American diplomat and educator (1910–1990)

Edwin Oldfather Reischauer (/ˈraɪʃaʊ.ər/ RYSHE-ow-ər; October 15, 1910 – September 1, 1990) was an American diplomat, educator, and professor at Harvard University. Born in Tokyo to American educational missionaries, he became a leading scholar of the history and culture of Japan and East Asia. Together with George M. McCune, a scholar of Korea and several Korean linguists, in 1939 he developed the McCune–Reischauer romanization of the Korean language.

Reischauer became involved in helping create US policy toward East Asia during and after World War II. President John F. Kennedy appointed Reischauer as the United States Ambassador to Japan, where he served from 1961 to 1966. Reischauer founded the Japan Institute at Harvard University in 1973 and served as its first director. It was later named in honor of him.

==Early life and education==
Reischauer was born in Tokyo, Japan, the son of Helen Sidwell (Oldfather) and August Karl Reischauer, Presbyterian educational missionaries. His father helped found the Tokyo Woman's Christian University along with Nitobe Inazō and Yasui Tetsu. His mother founded the Japan Deaf Oral School, the first of its kind in Japan. He and his younger brother Robert attended the American School in Japan before going to the United States for college. Both did graduate work in Asian studies. Edwin graduated with a AB from Oberlin in 1931. On his 75th birthday, Reischauer recalled publicly that his aim in life after graduating in 1931 was to draw American attention to Asia.

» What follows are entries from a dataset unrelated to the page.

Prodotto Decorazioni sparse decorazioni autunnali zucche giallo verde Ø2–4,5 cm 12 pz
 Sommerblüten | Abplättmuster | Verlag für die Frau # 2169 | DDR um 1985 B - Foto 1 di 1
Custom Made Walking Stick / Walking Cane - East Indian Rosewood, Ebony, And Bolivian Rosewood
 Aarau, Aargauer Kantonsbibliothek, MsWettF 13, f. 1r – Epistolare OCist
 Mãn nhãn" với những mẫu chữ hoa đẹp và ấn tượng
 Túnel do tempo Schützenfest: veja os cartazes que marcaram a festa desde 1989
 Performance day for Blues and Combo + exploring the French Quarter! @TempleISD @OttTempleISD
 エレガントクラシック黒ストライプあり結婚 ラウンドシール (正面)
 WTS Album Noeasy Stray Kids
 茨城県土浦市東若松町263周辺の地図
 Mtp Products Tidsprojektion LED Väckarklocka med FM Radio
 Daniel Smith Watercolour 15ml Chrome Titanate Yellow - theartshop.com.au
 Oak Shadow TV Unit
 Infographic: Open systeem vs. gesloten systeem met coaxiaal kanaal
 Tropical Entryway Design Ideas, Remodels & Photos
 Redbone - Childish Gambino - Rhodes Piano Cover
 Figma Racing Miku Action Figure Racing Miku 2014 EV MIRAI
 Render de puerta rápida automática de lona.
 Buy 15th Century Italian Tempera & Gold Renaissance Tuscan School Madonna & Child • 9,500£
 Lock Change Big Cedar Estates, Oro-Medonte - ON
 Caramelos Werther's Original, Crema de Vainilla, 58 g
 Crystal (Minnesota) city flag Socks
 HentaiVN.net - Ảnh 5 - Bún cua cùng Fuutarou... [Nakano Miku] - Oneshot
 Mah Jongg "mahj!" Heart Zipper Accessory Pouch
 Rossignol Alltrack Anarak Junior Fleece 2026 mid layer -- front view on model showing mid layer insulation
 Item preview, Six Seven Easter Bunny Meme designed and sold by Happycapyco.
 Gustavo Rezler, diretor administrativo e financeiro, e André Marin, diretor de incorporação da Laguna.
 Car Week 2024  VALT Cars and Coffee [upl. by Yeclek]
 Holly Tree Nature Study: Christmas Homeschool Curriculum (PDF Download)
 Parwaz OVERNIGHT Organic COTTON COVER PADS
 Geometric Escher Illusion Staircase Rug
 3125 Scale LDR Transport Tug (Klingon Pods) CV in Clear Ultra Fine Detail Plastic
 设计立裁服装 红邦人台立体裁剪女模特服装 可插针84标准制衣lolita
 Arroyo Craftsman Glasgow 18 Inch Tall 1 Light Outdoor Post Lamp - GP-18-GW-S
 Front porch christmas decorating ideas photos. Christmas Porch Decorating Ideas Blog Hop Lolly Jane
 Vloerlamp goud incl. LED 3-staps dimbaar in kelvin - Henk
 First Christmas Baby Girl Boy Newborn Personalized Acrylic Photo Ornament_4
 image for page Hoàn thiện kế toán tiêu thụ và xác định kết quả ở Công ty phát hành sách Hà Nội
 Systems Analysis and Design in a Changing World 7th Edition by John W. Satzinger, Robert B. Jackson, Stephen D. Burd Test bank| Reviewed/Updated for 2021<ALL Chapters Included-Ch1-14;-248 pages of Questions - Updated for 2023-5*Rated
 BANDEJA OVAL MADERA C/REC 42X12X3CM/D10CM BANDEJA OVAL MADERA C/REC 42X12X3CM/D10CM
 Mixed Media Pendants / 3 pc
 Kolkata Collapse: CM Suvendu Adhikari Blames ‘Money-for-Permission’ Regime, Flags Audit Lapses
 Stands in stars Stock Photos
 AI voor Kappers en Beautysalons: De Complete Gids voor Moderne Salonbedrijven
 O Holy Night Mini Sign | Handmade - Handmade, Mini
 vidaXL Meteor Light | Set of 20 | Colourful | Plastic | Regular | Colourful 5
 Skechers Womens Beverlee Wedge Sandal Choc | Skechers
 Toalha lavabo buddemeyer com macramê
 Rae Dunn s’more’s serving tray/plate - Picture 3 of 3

Reischauer earned his PhD from Harvard University in 1939. He was a student of the Russian-French Japanologist Serge Elisséeff, who had been the first Western graduate of the University of Tokyo. His doctoral dissertation was "Nittō guhō junrei gyōki: Ennin's Diary of His Travels in T'ang China, 838–847," a study and translation of the Japanese monk Ennin's travelogues on his journeys in China during the Tang dynasty. Ennin's work, Record of a Pilgrimage to China in Search of the Law (入唐求法巡礼行記; Middle Chinese: Nyip-Dang gjuw-pjop zwin-léi hæng-kì), is written in Classical Chinese. Reischauer's work shows the high level of Sinological scholarship that a graduate student was expected to demonstrate.

==Wartime service==
By October 1940, Reischauer had become aware of the possibility of war with Japan. He wrote a memorandum for the U.S. Navy pointing out that very few Americans knew the kind of written Japanese that was used in military situations and hardly any could read Japanese that had been handwritten in a hurry. His solution was to create a Japanese language school to train linguists in advance. Reischauer's warning did not go unheeded. It landed on the desk of Lieutenant (later Commander) Albert Hindmarsh of the U.S. Navy, and he agreed that there were indeed few competent Japanese-speaking officers available. The result was the creation of the U.S. Navy Japanese Language School, which spent most of the war at Boulder, Colorado. In the summer of 1942, at the request of the U.S. Army Signal Corps, Reischauer started running a top-secret course at Arlington Hall in Virginia. Arlington Hall had been a women's college, but it was taken over by the US Army Signal Intelligence Service in June 1942 and functioned like Bletchley Park in England as a secret cryptanalysis centre.

==Teaching career==
Reischauer had a 40-year teaching career at Harvard. He and John King Fairbank developed a popular undergraduate survey of East Asian history and culture. The course, which was known as "Rice Paddies", was the basis for their widely influential textbooks, East Asia: The Great Tradition (1958) and East Asia: The Modern Transformation (1965). Reischauer wrote both for fellow scholars and for the general public, including Japan: Story of a Nation, which was published in several editions.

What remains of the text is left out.